When you write data to DRAM, charge is placed on capacitors that should have a value of 1, but no charge is placed on capacitors that have a value of 0.

When you read data from DRAM, the charge on the capacitor is measured using a circuit called a sense amplifier. If the sense amplifier detected charge on the capacitor then it outputs a 1, otherwise it assumes the cell was a 0.

There are a two main problems to the fundamental design of DRAM. First, to read the charge from the capacitor, the charge must be drained. This causes all reads to be destructive. Once you read a piece of data from DRAM, the value is no longer being stored in the memory array. To deal with this, the data must be written back into the array when you are done with it. This is called precharging.

To make the interface to DRAM a bit more efficient, an entire row is read into a buffer in the DRAM. The process of reading a row into that buffer is referred to as opening or activating the row. Once a row is open, data can be read or written to any columns in that row without having to open it again.
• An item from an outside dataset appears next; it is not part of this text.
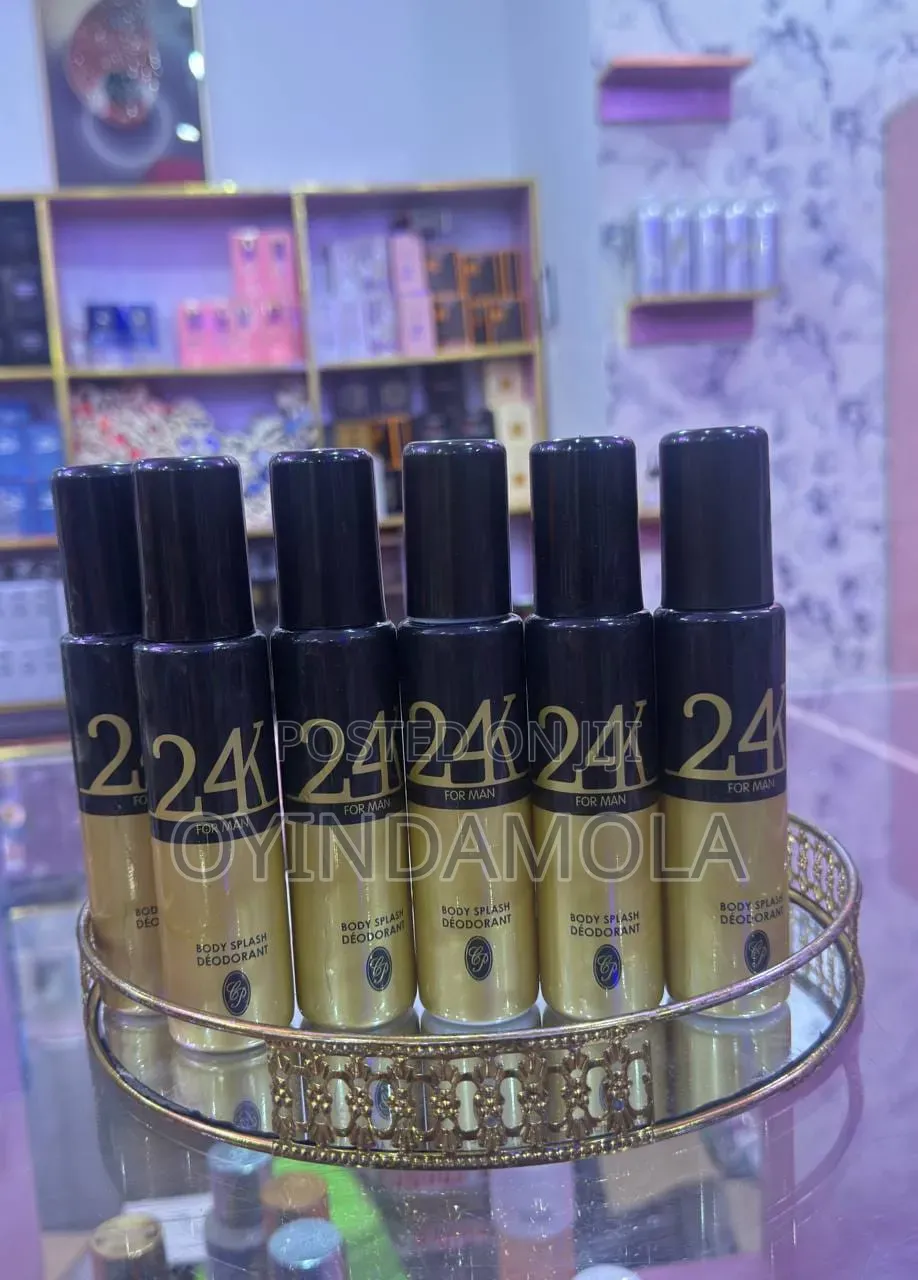 Nice Smell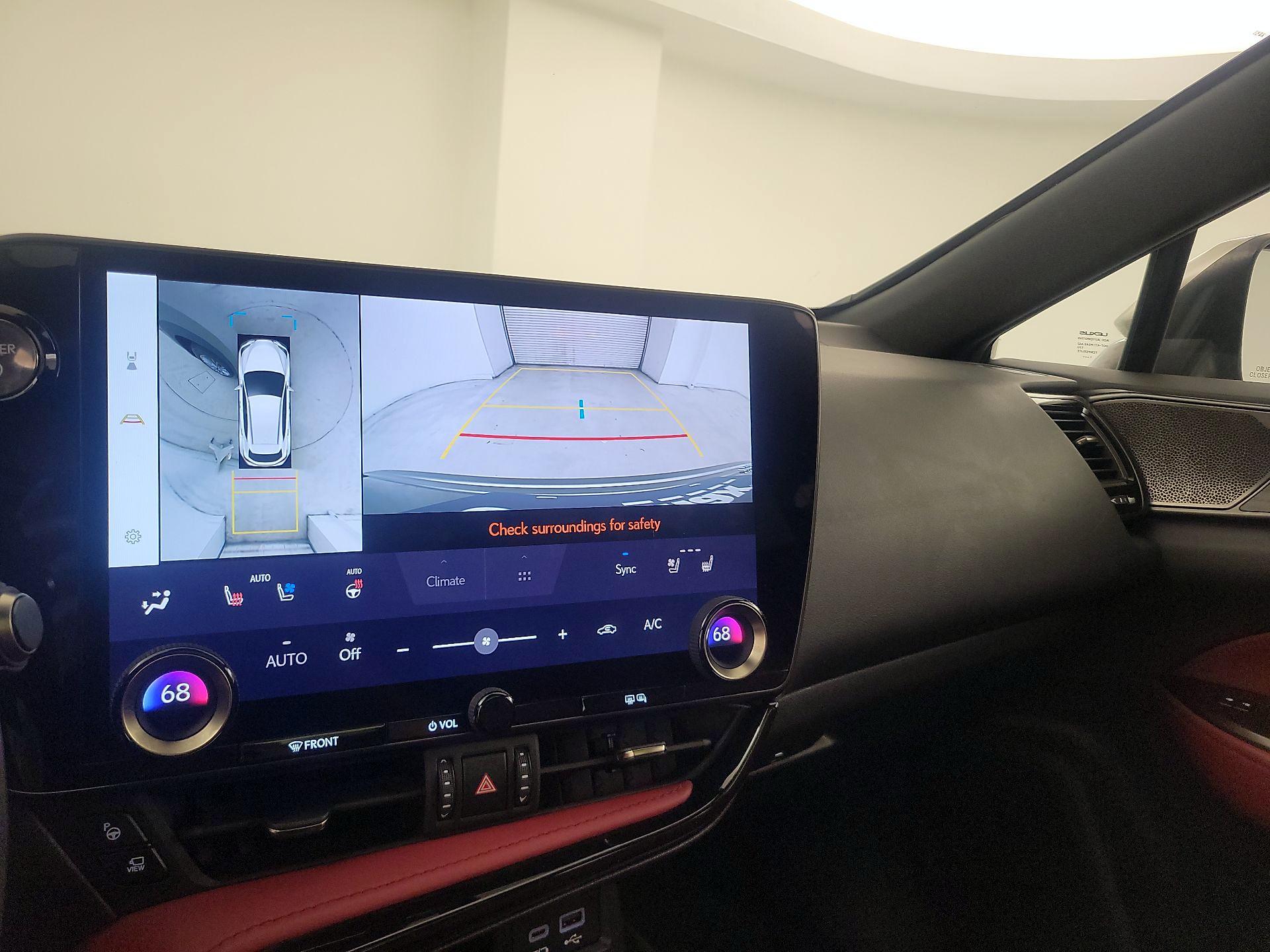 Thumbnail: 2022 Lexus NX - 12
However, only one row per bank can be open at a time. To read from a different row in the same bank, you must first precharge the current row, then open the new row.

The second fundamental flaw of DRAM, and the reason it is called dynamic RAM, is that capacitors leak charge. That means that once a charge is stored on a capacitor, it will start losing that charge. This happens either through the transistor connected to it, or through the capacitor itself. What this means for your data is that, if neglected, the values stored will be lost.

The fix to this problem is to periodically refresh each row. A refresh consists of simply reading a row then writing it back into the array. This process ensures that the capacitors retain their charge.

The amount of time a row can go between refreshes depends on the DRAM. However, the SDRAM chip on the SDRAM Shield, must be refreshed every 64ms.

Generally, SDRAM will be able to perform the refresh operation for you. However, you still must tell it when to refresh.


The difference between these two types of RAM is that SDRAM is synchronous and DRAM is not. All this means is that the SDRAM uses a clock while DRAM does not. The benefits to SDRAM are that inputs and outputs are synchronized to whatever it is connected to, in our case the FPGA, as well as some speed benefits due to pipelining.

SDRAM is much more common than plain DRAM.

It is also worth noting that DDR (Double Data Rate) RAM, usually heard in the context of computers, is a form of SDRAM.


The difference between DRAM and SRAM is a bit more interesting. SRAM operates fundamentally differently than DRAM. It doesn't store data on capacitors, but instead uses two inverters back to back.


This solves the two problems discussed earlier about destructive reads and forgetting the value. However, this comes at a price, literally. SRAM is much more expensive than DRAM due to the fact that the technology is much less dense. Each cell in SRAM is much larger than each cell of DRAM, meaning you can't pack nearly as many into the same area.

SRAM is, however, faster and uses less power than DRAM. Because of this, it is still used frequently in digital systems for things like caches. Modern CPUs have something like 8-16MB of very fast SRAM cache, but the computer can have 1000x that much (8+GB) DRAM.

SDRAM Controllers

Dealing with downsides to SDRAM is too much effort to have to think about whenever you need to read or write a some data. Wouldn't it be nice if it was all abstracted away and you could just say "what is the data in bank 0, column 4, row 12" with the result returned momentarily? Luckily for you, you're not alone. This is where the SDRAM controller comes in.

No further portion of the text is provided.